Task objective:
All that is needed is an exact copy of the lines from the beginning of the data below through the line containing "Blue highlights are", minus the pictures.

Records supplied:
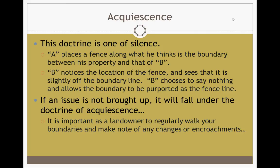Acquiescence is a doctrine of silence. For example: A places a fence along what he thinks is the boundary between his property and that of B. B notices the location of the fence and sees that it's slightly off the boundary line, but B chooses to say nothing and allows the boundary to be purported as the fence line. If an issue is not brought up, it will fall under the doctrine of acquiescence. It's important that landowners regularly walk their boundaries and make note of any changes or encroachments — even take pictures. If you don't say anything about it, the land could pass under acquiescence very quickly.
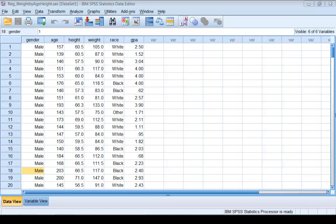This video will show you how to do simple linear regression modeling using SPSS. In this example, it contains information from 236 subjects, and we would like to model the weight variable using the height variable.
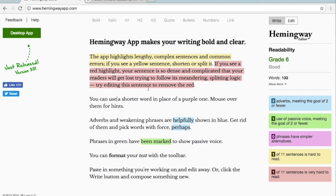Blue highlights are usually going to be adverbs, but sometimes they are other words that reduce the effectiveness of your writing. They make your writing less powerful. In the case of adverbs, you want to remove them and possibly change your verb to something stronger and more forceful.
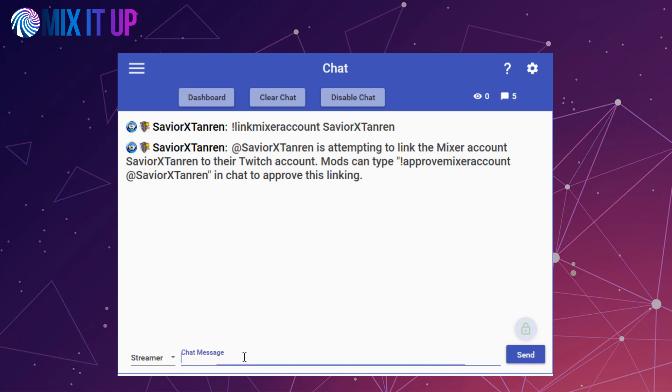It's important that moderators correctly verify the user who is attempting to merge their name is in fact the same user on Twitch and on Mixer, as not all users will have the same name on both platforms. If they are indeed the same user, then a moderator can approve that Mixer merging by typing approve Mixer account along with their equivalent name on Twitch.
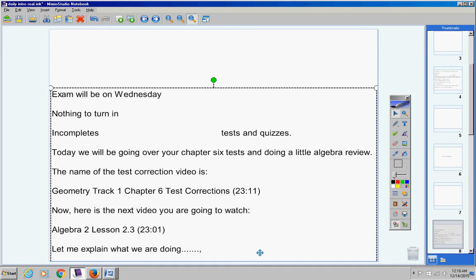So having said that, we're going to watch this kind of a review video. I know it says Algebra 2, but it's a review from Algebra 1. And I want you to watch it and take great notes on it.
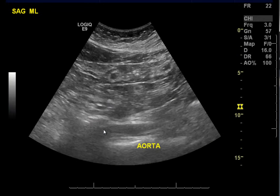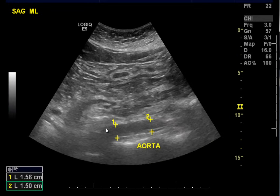Just remember, I showed you the cava on the other case — this is the abdominal aorta in a limited fashion.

Result for this task:
Acquiescence is a doctrine of silence. For example: A places a fence along what he thinks is the boundary between his property and that of B. B notices the location of the fence and sees that it's slightly off the boundary line, but B chooses to say nothing and allows the boundary to be purported as the fence line. If an issue is not brought up, it will fall under the doctrine of acquiescence. It's important that landowners regularly walk their boundaries and make note of any changes or encroachments — even take pictures. If you don't say anything about it, the land could pass under acquiescence very quickly.
This video will show you how to do simple linear regression modeling using SPSS. In this example, it contains information from 236 subjects, and we would like to model the weight variable using the height variable.
Blue highlights are usually going to be adverbs, but sometimes they are other words that reduce the effectiveness of your writing. They make your writing less powerful. In the case of adverbs, you want to remove them and possibly change your verb to something stronger and more forceful.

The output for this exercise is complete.